PROVIDED RECORDS START
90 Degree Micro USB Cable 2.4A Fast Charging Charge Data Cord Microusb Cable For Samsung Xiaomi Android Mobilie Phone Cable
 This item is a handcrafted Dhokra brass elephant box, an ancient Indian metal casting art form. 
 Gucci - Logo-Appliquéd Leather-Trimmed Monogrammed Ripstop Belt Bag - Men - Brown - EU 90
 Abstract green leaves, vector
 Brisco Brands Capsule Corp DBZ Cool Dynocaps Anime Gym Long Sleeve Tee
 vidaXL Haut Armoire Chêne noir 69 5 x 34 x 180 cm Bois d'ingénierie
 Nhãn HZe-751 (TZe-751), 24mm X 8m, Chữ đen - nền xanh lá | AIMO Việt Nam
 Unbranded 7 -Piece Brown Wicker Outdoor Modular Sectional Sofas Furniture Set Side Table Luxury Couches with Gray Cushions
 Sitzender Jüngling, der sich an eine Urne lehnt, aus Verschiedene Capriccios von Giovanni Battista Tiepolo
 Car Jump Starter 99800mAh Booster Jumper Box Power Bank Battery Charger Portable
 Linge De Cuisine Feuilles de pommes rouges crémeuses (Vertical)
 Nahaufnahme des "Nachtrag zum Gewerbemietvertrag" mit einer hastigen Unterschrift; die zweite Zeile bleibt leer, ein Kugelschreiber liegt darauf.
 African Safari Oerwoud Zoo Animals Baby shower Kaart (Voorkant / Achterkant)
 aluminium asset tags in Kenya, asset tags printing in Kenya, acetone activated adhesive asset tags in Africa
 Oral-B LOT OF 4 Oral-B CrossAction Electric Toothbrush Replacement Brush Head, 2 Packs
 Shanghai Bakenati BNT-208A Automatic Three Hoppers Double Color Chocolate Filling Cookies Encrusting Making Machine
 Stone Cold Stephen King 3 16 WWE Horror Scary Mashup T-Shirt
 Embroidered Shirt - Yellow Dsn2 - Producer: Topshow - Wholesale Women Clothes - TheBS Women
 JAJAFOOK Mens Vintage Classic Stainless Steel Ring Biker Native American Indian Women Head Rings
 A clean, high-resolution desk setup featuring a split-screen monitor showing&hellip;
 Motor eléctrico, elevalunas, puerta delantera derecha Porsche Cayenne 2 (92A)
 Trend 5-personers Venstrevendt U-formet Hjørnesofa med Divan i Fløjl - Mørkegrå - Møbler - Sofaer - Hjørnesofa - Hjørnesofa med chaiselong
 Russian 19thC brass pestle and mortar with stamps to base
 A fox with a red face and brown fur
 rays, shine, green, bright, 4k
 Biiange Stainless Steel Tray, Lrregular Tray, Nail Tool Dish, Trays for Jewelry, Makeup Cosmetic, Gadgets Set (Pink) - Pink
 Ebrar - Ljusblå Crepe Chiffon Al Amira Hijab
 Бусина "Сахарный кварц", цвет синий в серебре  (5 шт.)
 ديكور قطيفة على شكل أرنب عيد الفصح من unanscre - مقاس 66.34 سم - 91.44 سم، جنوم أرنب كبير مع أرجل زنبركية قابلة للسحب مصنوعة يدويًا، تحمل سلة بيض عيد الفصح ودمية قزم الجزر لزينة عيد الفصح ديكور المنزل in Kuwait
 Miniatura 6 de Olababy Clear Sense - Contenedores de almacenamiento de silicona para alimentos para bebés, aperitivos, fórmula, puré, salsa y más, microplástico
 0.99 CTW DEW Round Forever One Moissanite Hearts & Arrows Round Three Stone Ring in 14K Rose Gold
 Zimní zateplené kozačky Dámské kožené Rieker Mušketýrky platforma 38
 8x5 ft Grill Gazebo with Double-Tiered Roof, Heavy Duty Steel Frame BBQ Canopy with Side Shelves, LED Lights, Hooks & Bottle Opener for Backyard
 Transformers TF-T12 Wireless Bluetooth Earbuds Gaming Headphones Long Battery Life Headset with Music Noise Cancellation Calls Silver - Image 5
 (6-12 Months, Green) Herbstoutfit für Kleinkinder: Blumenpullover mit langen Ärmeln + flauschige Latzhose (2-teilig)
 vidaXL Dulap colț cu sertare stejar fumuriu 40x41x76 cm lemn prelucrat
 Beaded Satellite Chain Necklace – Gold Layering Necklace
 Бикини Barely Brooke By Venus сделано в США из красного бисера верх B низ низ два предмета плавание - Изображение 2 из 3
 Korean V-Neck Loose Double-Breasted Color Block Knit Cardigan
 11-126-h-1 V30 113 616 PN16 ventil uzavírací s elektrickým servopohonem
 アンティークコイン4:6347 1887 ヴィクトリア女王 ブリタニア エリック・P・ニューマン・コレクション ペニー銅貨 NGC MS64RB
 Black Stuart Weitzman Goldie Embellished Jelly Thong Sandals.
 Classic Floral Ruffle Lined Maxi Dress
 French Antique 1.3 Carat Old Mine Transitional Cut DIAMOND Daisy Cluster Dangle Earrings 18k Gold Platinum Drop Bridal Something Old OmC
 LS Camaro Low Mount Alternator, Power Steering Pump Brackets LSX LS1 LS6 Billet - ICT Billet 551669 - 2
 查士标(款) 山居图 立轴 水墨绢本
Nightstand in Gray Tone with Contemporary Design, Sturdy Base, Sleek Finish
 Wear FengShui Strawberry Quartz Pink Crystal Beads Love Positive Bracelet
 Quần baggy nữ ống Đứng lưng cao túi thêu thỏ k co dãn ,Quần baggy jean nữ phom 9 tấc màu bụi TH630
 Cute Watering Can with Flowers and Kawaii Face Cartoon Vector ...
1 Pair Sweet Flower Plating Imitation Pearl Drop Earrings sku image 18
PROVIDED RECORDS END
__THE TASK__.
Which lines in the records above contain the string "Earrings"? Copy each one.

__RESULT OF THE TASK__.
 French Antique 1.3 Carat Old Mine Transitional Cut DIAMOND Daisy Cluster Dangle Earrings 18k Gold Platinum Drop Bridal Something Old OmC
1 Pair Sweet Flower Plating Imitation Pearl Drop Earrings sku image 18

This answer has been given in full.